:: Task directions ::
If a line in the entries below includes "Wool", pick it out and copy it.

Crawled caption data

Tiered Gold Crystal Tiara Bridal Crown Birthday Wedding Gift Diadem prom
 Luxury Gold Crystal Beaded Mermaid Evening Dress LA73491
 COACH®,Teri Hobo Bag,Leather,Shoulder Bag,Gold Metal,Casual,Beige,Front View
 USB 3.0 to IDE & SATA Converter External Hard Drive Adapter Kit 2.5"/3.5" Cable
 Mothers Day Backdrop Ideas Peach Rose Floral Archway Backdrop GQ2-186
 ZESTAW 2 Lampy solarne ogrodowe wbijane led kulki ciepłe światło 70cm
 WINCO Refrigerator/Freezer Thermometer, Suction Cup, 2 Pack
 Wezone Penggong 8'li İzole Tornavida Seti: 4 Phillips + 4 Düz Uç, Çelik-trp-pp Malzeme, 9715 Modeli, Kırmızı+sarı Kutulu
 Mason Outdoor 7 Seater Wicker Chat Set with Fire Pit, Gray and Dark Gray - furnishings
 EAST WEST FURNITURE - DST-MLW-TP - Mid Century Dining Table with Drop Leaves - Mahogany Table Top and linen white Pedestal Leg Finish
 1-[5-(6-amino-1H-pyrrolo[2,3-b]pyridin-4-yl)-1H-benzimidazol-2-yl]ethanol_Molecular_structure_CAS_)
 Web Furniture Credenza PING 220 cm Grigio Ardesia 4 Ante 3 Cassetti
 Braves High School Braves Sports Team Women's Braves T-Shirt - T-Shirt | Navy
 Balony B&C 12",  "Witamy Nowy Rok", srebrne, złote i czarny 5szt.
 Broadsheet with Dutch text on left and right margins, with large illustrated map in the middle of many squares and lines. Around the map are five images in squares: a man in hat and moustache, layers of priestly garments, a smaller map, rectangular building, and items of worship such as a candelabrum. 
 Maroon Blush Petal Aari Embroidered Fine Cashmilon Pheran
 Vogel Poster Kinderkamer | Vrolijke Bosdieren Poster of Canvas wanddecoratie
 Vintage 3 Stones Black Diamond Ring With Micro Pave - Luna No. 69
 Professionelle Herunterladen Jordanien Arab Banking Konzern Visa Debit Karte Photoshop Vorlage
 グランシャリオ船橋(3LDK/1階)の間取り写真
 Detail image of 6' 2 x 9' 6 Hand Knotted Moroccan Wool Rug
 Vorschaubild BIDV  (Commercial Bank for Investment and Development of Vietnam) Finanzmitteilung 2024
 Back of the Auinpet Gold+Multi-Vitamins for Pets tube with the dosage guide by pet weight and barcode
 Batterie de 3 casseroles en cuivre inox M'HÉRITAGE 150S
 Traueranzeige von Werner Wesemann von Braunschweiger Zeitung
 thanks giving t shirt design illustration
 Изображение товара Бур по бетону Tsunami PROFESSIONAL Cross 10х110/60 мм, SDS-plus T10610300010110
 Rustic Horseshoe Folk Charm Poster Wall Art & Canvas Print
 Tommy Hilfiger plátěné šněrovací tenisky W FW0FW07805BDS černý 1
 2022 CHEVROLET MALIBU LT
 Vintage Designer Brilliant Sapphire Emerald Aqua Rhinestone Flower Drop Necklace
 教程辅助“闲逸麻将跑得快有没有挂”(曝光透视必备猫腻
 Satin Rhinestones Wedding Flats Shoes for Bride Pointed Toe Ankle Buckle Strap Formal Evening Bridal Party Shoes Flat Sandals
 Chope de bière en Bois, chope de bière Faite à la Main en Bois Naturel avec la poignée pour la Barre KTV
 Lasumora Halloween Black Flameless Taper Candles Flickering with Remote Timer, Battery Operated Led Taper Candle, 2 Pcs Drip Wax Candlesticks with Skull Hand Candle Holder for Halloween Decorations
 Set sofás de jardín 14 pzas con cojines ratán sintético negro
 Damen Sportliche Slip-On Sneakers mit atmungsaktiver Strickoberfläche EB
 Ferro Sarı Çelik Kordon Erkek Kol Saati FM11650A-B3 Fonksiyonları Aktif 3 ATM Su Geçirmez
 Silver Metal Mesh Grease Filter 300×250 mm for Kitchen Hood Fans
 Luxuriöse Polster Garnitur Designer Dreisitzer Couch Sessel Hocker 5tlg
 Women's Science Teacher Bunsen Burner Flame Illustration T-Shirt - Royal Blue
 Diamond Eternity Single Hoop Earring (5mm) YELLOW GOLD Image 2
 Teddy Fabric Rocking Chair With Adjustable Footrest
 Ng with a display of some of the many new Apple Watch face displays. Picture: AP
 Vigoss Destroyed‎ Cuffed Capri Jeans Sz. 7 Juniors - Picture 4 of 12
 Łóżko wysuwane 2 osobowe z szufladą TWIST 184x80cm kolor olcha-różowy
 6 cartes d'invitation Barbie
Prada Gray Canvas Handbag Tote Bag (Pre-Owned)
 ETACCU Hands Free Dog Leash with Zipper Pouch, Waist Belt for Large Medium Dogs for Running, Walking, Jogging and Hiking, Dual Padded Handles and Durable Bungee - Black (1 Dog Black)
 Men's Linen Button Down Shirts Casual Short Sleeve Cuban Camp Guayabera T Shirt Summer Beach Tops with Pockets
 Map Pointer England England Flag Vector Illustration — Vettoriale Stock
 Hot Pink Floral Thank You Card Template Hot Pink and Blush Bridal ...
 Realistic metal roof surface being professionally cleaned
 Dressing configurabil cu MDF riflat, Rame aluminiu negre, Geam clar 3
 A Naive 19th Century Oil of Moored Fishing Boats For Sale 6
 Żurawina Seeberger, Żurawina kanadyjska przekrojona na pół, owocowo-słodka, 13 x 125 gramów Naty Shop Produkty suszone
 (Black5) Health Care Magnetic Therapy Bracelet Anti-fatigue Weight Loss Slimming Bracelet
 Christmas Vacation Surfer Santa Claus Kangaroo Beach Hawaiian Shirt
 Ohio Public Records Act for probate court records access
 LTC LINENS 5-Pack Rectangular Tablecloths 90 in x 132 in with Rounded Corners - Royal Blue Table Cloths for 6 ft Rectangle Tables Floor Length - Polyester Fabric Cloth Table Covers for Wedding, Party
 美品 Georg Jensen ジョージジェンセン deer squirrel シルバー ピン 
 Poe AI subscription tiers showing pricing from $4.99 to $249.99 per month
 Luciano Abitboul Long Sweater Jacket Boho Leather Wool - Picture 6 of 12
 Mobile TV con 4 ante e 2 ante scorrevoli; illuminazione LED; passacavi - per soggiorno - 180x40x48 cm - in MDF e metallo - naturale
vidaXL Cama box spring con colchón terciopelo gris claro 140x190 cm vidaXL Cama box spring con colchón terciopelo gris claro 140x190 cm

:: Result of the task ::
 Detail image of 6' 2 x 9' 6 Hand Knotted Moroccan Wool Rug
 Luciano Abitboul Long Sweater Jacket Boho Leather Wool - Picture 6 of 12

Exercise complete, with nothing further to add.